Getting started

Capture telemetry from a Go application without writing any instrumentation code.

This page shows you how to build a Go application with compile-time instrumentation and see the telemetry it produces.

Prerequisites

  • Go 1.25 or newer
  • git and make

Build the tool

The otelc tool is built from the project repository:

git clone https://github.com/open-telemetry/opentelemetry-go-compile-instrumentation.git
cd opentelemetry-go-compile-instrumentation
make build

This produces an otelc binary in the repository root. Add it to your PATH, or note its location — the following steps assume otelc is on your PATH:

export PATH=$PATH:$(pwd)

Instrument your application

From your application’s module directory, prefix your usual go build command with otelc:

otelc go build -o myapp .

The tool intercepts the build, applies the instrumentation rules that match your application and its dependencies, and produces an instrumented binary. Everything else about the build — flags, package arguments, output paths — works exactly as it does with plain go build.
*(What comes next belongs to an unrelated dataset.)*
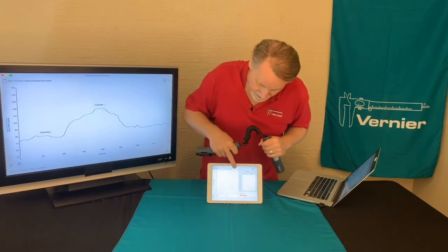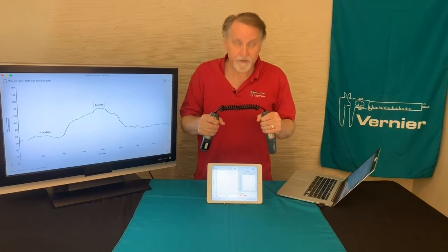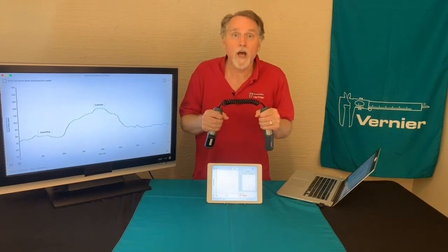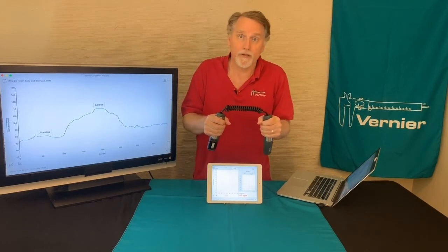So basically if I hit collect, it's just collecting the data over time, and you set it for a long period of time.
Run the application and export telemetry

Instrumented applications are configured through the standard OpenTelemetry environment variables. For example, to send telemetry to a local Collector over OTLP:

export OTEL_SERVICE_NAME=myapp
export OTEL_EXPORTER_OTLP_ENDPOINT=http://localhost:4317
./myapp

See Configuration for the full list of environment variables the instrumentation recognizes.

Try the demo

The repository ships demo applications and a complete observability stack (Collector, Jaeger, Prometheus, and Grafana) so you can see the produced telemetry end to end. The stack runs on Docker, so make sure Docker is available first. From the repository root, run:

cd demo/infrastructure/docker-compose
make start

See the demo directory for details on the demo applications and infrastructure.